### TASK DETAILS
Repeat exactly the lines of the material below that run from the "Burg-Wächter Geldkassette Money" line to the "Metallic look gold" line, including both, and do not carry over any pictures.

### RECORD EXCERPTS
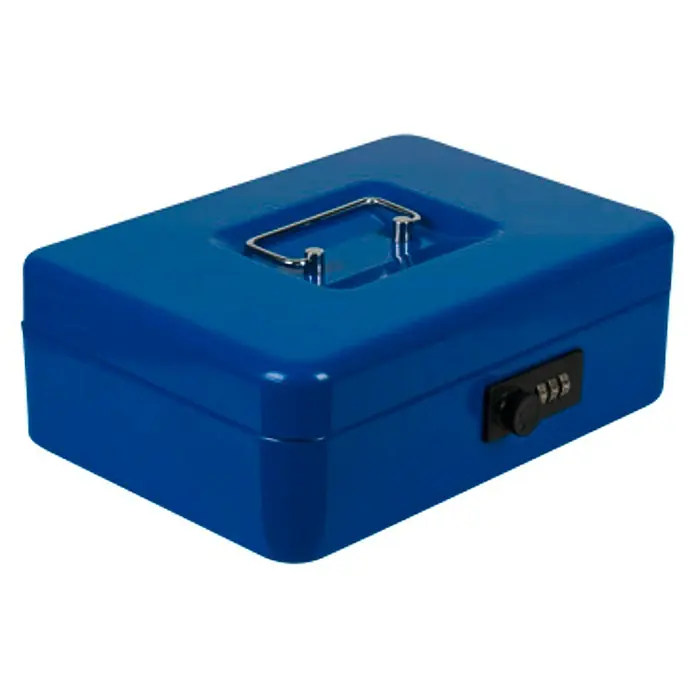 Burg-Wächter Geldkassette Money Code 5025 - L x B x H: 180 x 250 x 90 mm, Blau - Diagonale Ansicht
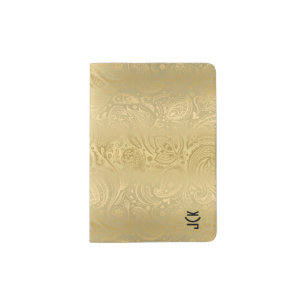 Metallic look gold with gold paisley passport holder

...

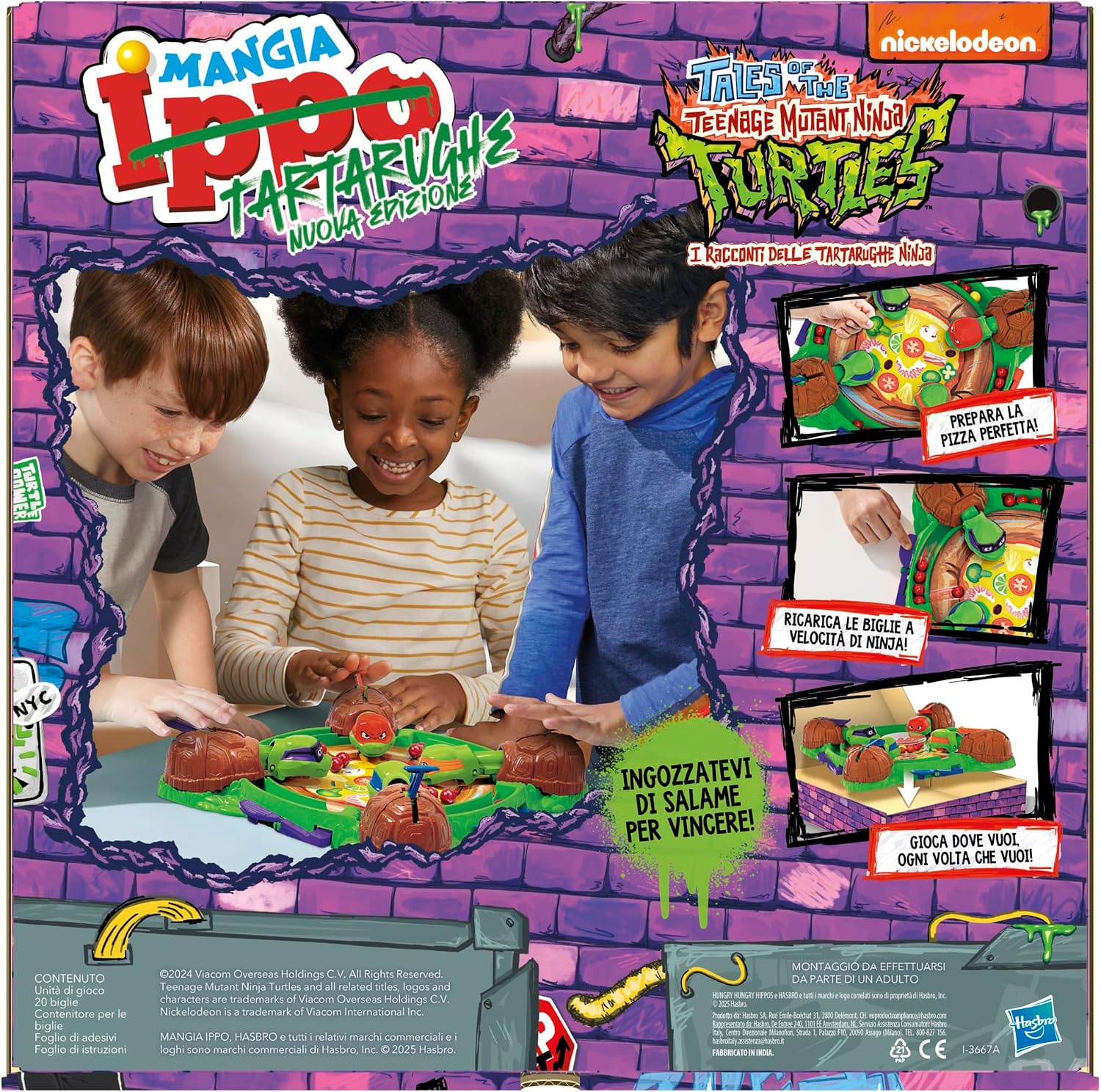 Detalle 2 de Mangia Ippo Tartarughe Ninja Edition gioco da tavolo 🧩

### OUTPUT FOR THIS TASK
 Burg-Wächter Geldkassette Money Code 5025 - L x B x H: 180 x 250 x 90 mm, Blau - Diagonale Ansicht
 Metallic look gold with gold paisley passport holder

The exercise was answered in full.